Take a grizzly cape and cut it length wise into three pieces. Dye each a different color. I have a small patch of grizzly that I dyed claret. Nice ISO color!!
|06-27-2011 08:34 PM|
There are two basic types of dye. ACID and cool-aid. Acid will give you bright saturated color. Cool-aid is more pastel. Cool-aid is much easier.
For cool aid dye. Start with white feathers. First wash cape in warm soapy water...rise well. Heat coolaid in water solution. Turn off heat and insert cape. Let set a while. Color will vary with strength of cool-aid solution and amount of time cape is left in pot. Set color with a mild vinegar solution. Rinse well and allow to dry. Raspberry, lime and blueberry work well.
If it doen't work well...drink the cool-aid!
We chatted a lot on another flytying forum. (SOL) Do a search and it should come up.

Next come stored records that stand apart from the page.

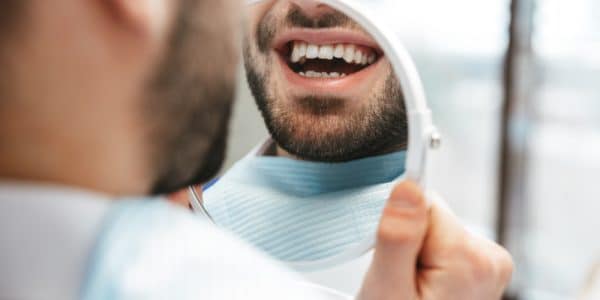Close-up of a man looking at his teeth in the mirror after a deep cleaning to prevent gum disease.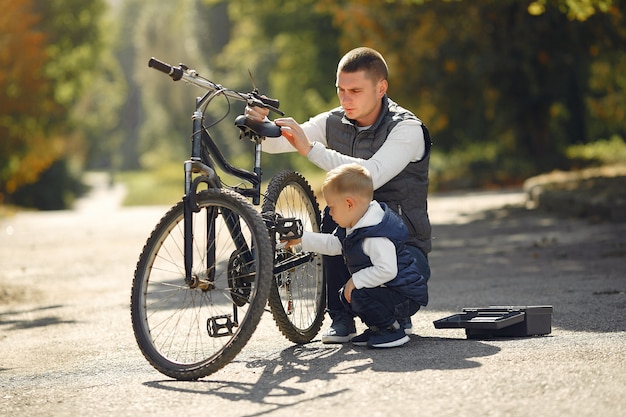 Vater mit sohn reparieren das fahrrad in einem park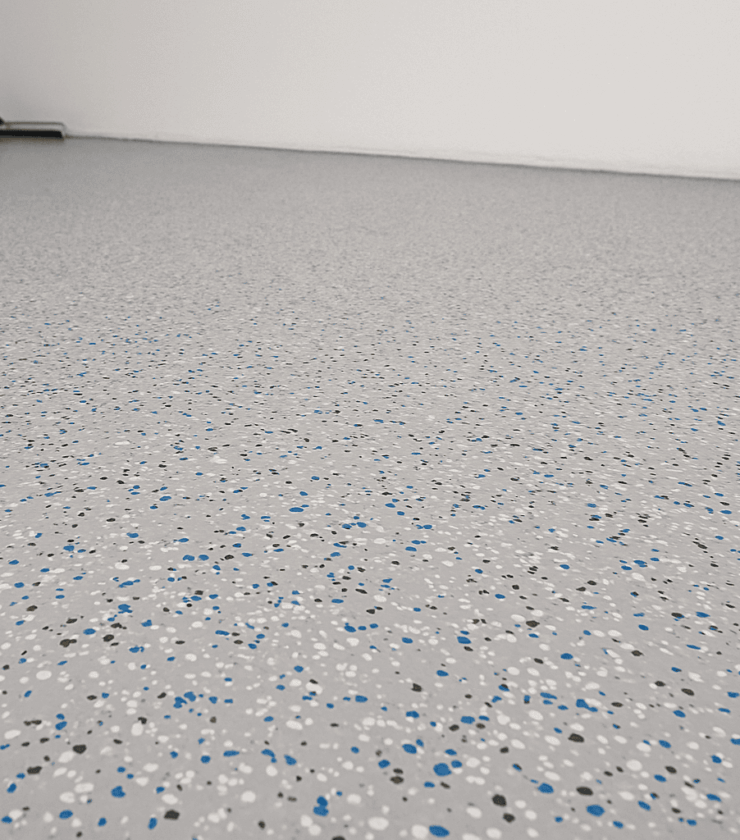Epoxidharz-Chipsboden mit grauer Grundfläche und farbigen Flakes in Blau, Schwarz und Weiß in breitem Raumformat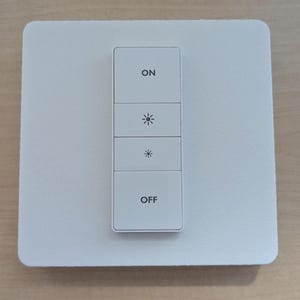 May include: A white smart light switch with four buttons. The top button reads "ON", followed by two light symbol buttons, and the bottom button reads "OFF". The switch is mounted on a square white plate.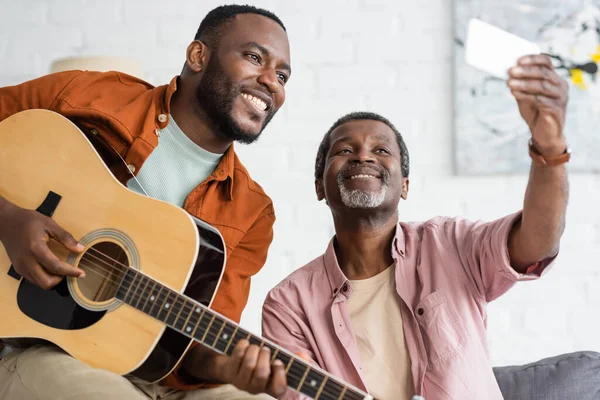 Smiling african american father taking selfie with son playing acoustic guitar at home — Stock Photo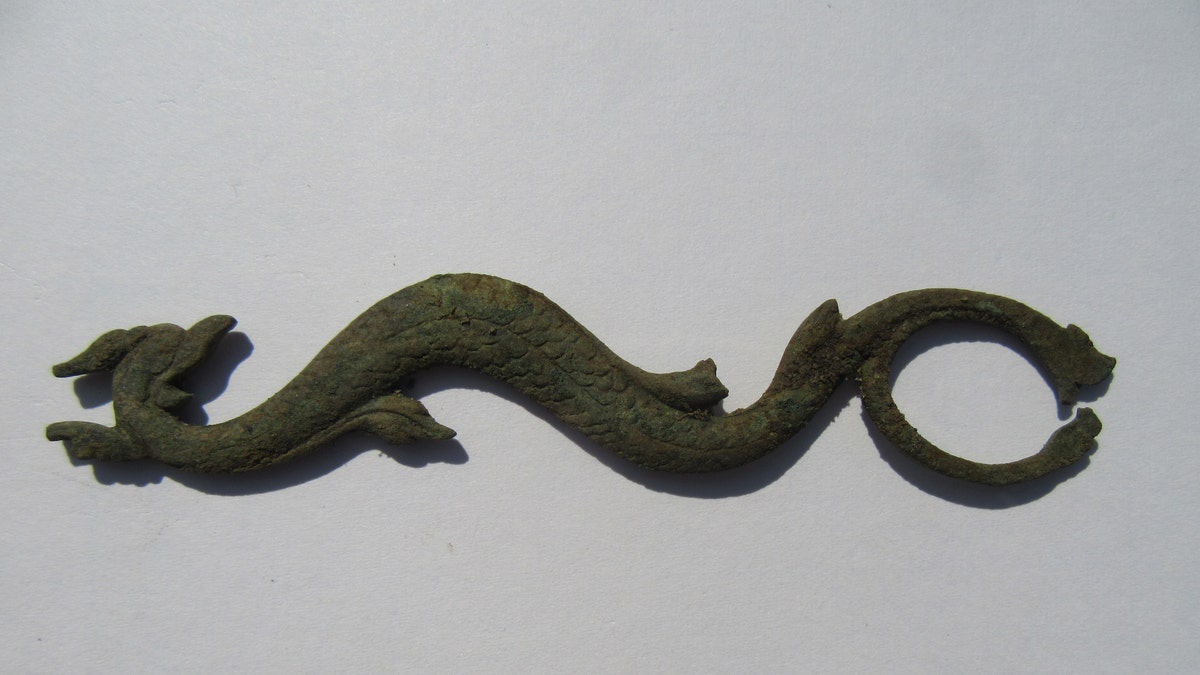 The serpent-shaped sideplate is from a British trade gun that dates back to the 1760s or 1770s.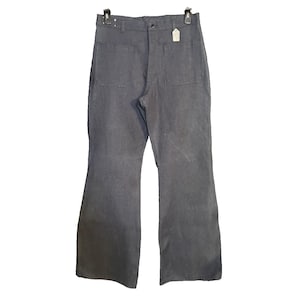 May include: Gray denim pants with a flared leg design. The pants have two back pockets and a button closure. A small tag is attached to the back. The pants are hanging from a black hanger.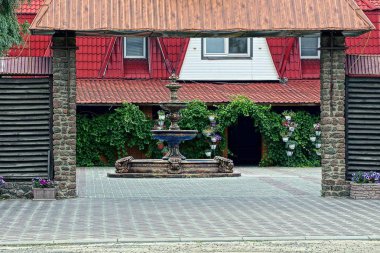 Açık bir kapının arkasındaki evin yakınındaki özel bir avluda Çeşme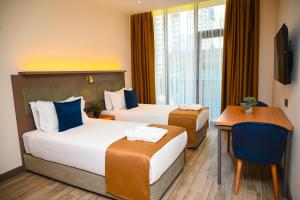 a hotel room with two beds and a desk at New Wave Apart-Hotel in Batumi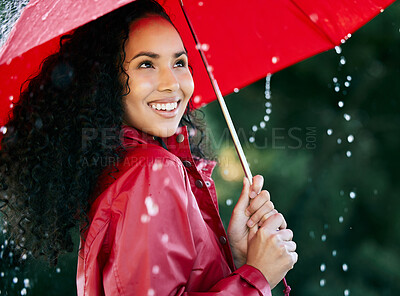 Buy stock photo Shot of a beautiful young woman standing in the rain with an umbrella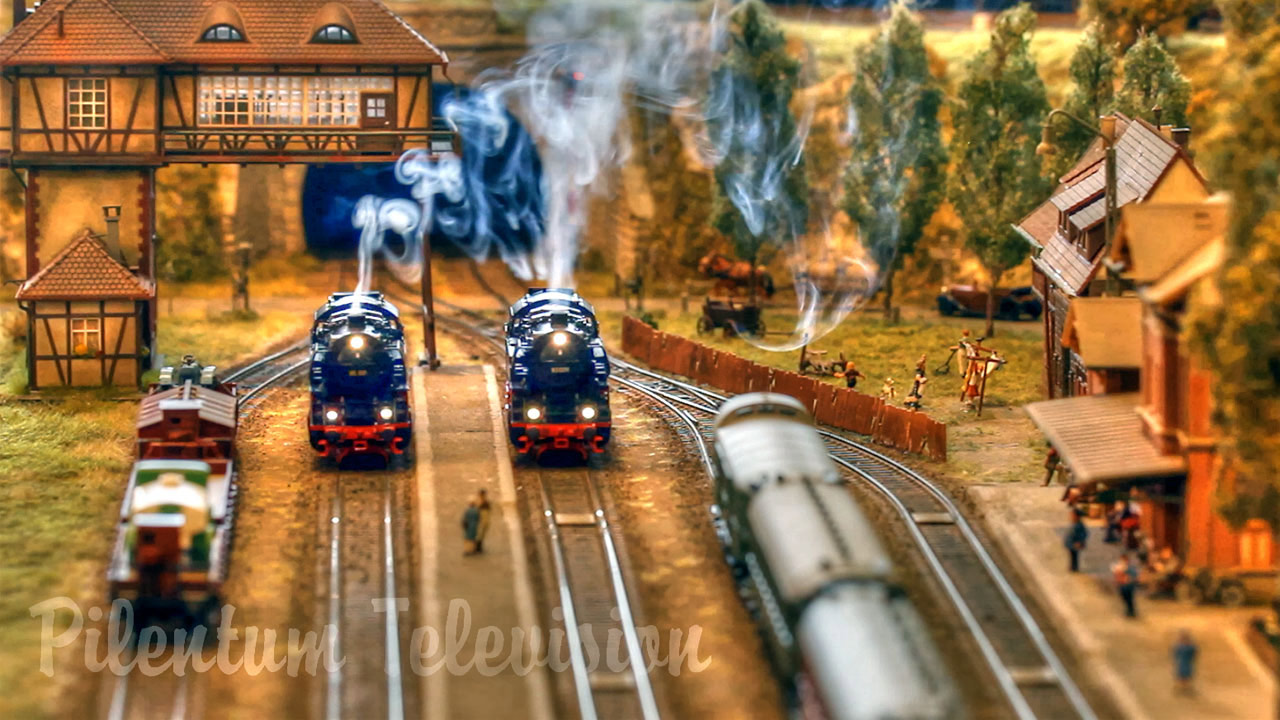 A pretty nice model railway in HO scale with smoking steam locomotives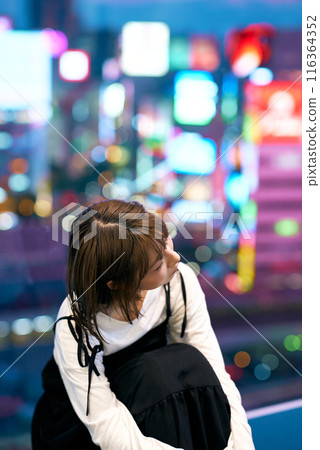 A young woman and a shining downtown at night 116364352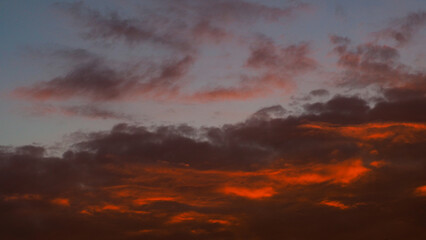 Ciel rougeoyant pendant un coucher de soleil, sous des nuages de haute altitude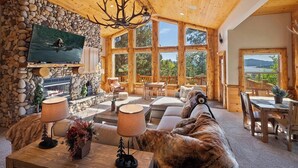A cozy log cabin interior with a stone fireplace, a television mounted on the wall, and a large window offering a scenic view.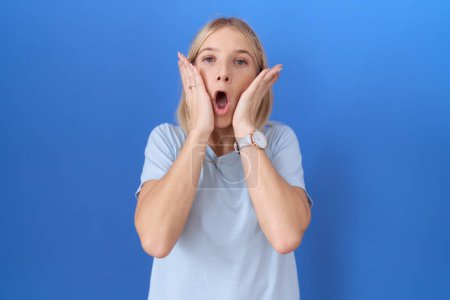 Foto de Mujer caucásica joven con camiseta azul casual asustado y sorprendido, sorpresa y expresión asombrada con las manos en la cara - Imagen libre de derechos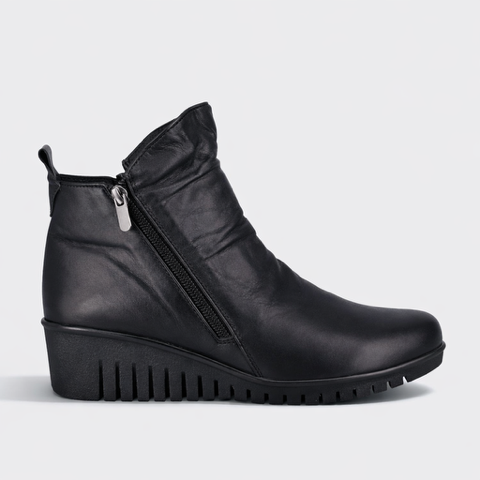 Black Cabello Ella boots with sleek design, rounded toe, and sturdy sole, perfect for stylish everyday wear.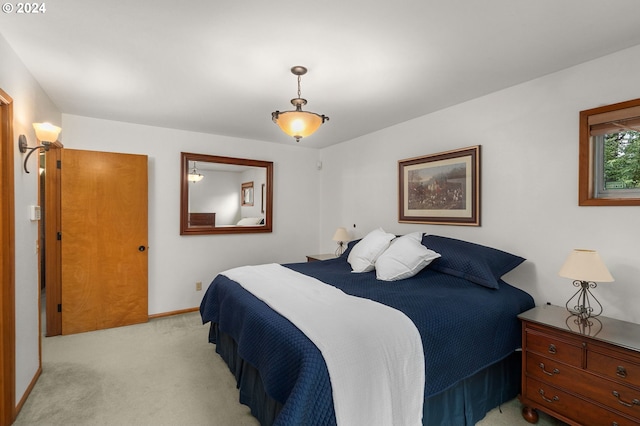 bedroom featuring light colored carpet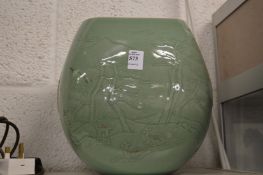 A large Korean green glazed pottery vase, relief moulded with deer in a landscape.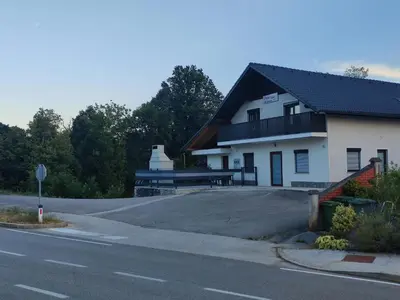 a building on the side of a road at Družinski apartmaji Judnič in Adlešiči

Juro ...I hope it is OK to give Gregg this hint?
|06-27-2011 07:22 PM|
Hey Jim Miller,
Weight in on this one.
|06-27-2011 07:03 PM|
Not something you can casually dabble in, especially for small lots, proper dying requires a lot of experimentation to get results that are predictable.
|06-27-2011 12:31 AM|
Wellll, it's a bit difficult to get hackle these days, as I'm sure most of you know. I wanted to get several specific colors in grizzly, but no dice, they are not to be found, but I do have a full cape of natural grizzly. So why not dye some of it? Has anyone ever done that? And if so, what dye did you use and what should I be looking out for? Thanks for any ideas, insights, etc!